Being almost the new year, it is a good time to reflect. Personally, this has been a tough year with aging parents running into serious health issues. One of the things that happens when you have the final visit is the chance to see some of the old photographs, and one of the ones my father kept and scanned is from when I was a scout. It made me think about the differences between when I was a scout and the experience my sons are having as scouts today.
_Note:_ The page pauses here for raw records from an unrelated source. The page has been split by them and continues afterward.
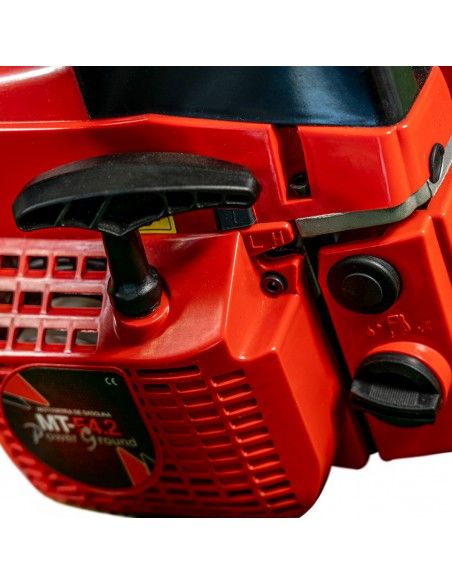 Motosierra Gasolina 65cc 3,9cv 50cm cadena Oregon - PowerGround MT65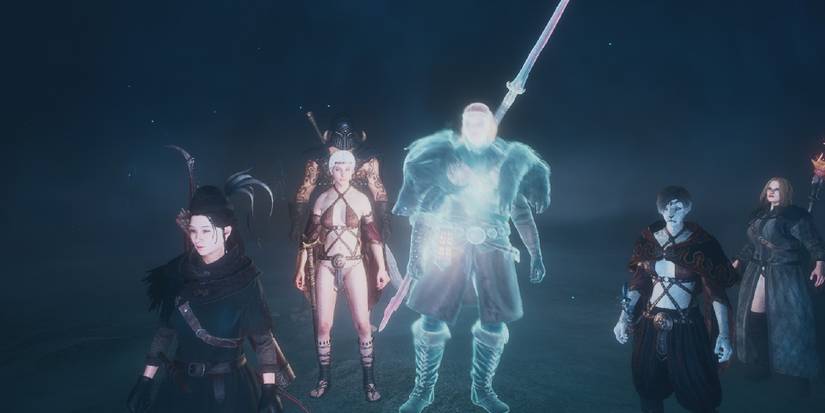 Dragon's Dogma 2 - Example Of Stereotypically Attractive Pawn Meta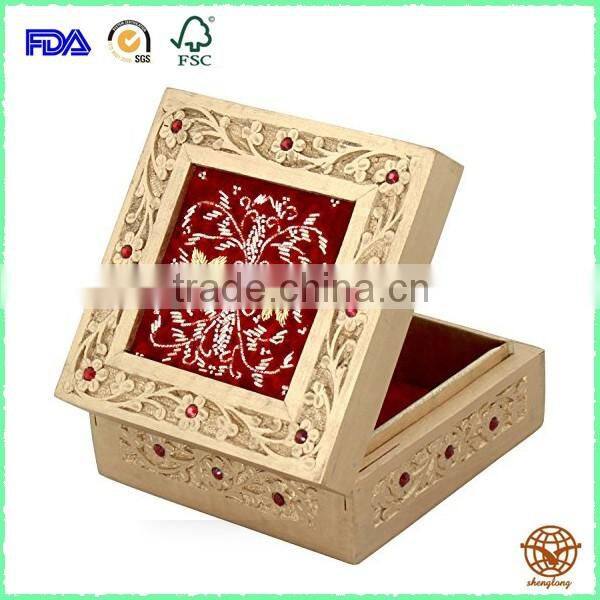 Wedding Ring Box Ring Jewelry Box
The photo is from a scouting exposition that Chester County Council had in 1975. My troop elected to do a pioneering and a cooking demonstration. As SPL I delegated the cooking to my ASPL, and organized the pioneering project. We knew that the pioneering demonstration had to be stable on a parking lot without guy lines or stakes. We wanted it to be spectacular. The picture shows the results. In the background is an ugly tower – but clearly scout designed and scout-built. It was also taller than the competition, and stable enough for visitors to climb. The foreground shows the competition (our rival troop – but a more or less friendly rivalry – both troops are still in existance in that district so I won’t give the numbers). They had built a spectacular, adult-engineered, set of projects. However, their projects couldn’t handle traffic. You may notice that they are looking across the parking lot at our tower in disbelief – we actually won! They are also looking at their ScoutMaster – (well really adult acting as SPL) – who ran the troop very efficiently.
We really had a scout-run troop – much more so than either of my son’s. (although in fairness I think both troops are trying to move in that direction, and one has made great strides). So what is the difference? Why did we pull it off?
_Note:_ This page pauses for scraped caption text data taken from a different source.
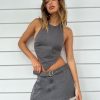 Skirts Tiger Mist | Nadine Skort - Grey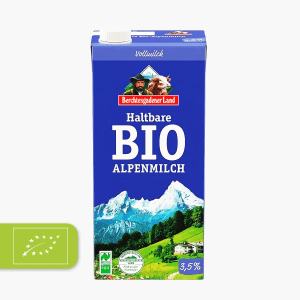 Bercht. Land Haltbare Bio Alpenmilch 3,5% 1l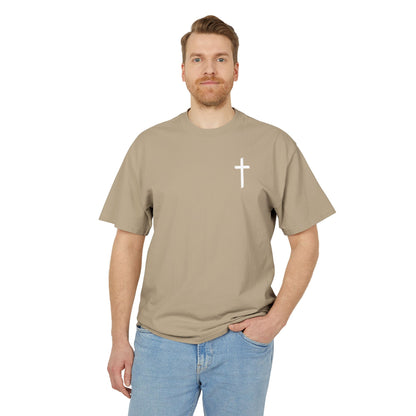 Faith-Inspired Unisex Heavy Faded Tee, Christian T-Shirt, Inspirational Gift, Casual Wear, Music Lover Apparel, Perfect for Church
- One possibility is that parents, schools and teachers were far less protective. I could carry my scout knife in my pocket to elementary, middle and high school and no one cared. Heck, in high school I brought a machete in as a prop for a class play (for Laeretes to fence with Hamlet). I think the extra freedom allowed us to develop a sense of responsibility – mom or dad wasn’t there to fix it all the time.
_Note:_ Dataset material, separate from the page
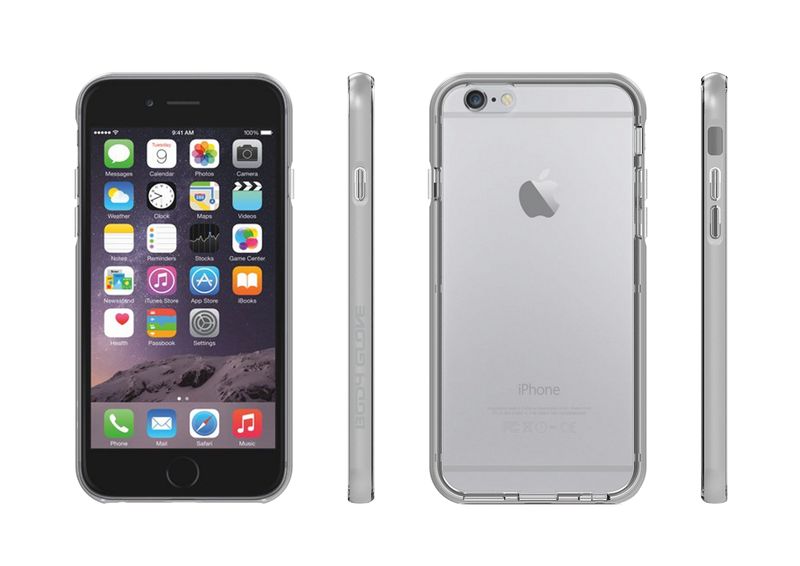 Body Glove Clownfish Aluminum Case for iPhone 6 Plus - Clear &amp; Silver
- Another possibility was our meeting time. We met Saturday morning. This let us have a stronger outdoor program than we usually do today. We pretty much were guarantied two outdoor events a month -a hike and a campout. I think this may have been important as the troops that met on a weekday evening were much less scout run than ours.
- Kids were less scheduled. Sure there was little league, but that was only in spring and early summer. Basically you got home from school and entertained yourself until dinner time.
- The patrols camped as patrols. The patrols cooked as patrols. If there wasn’t a troop campfire then we had patrol fires
- Patrols met separately from the troop meeting and planned for their events without adult supervision. If you messed up – well you messed up. (one of the reasons that I didn’t do the food at that exposition was that I messed up badly the first time I was a patrol leader on food planning for a campout).
- Scouts were involved in planning the year at all levels. The current standard approach is that the scoutmaster and the patrol leaders council meet and then the scoutmaster presents the plans to the troop committee. We just met together and bounced ideas off each other.
- Older scouts were allowed and encouraged to plan their own “high adventure” trips. Sort of like venturers today.
Some things were the same and cannot be the root cause of problems. Adults were around. When we went on an outing the drivers and assistant scoutmasters were there. Like today, they camped as an “adult patrol” off on the side, but they kept an eye on us. In fact, the times we had trouble were when the adult supervision failed. It wasn’t uncommon for one of the adults to meander through the patrol area and check that everything was OK. I don’t think boys were fundamentally any different than then.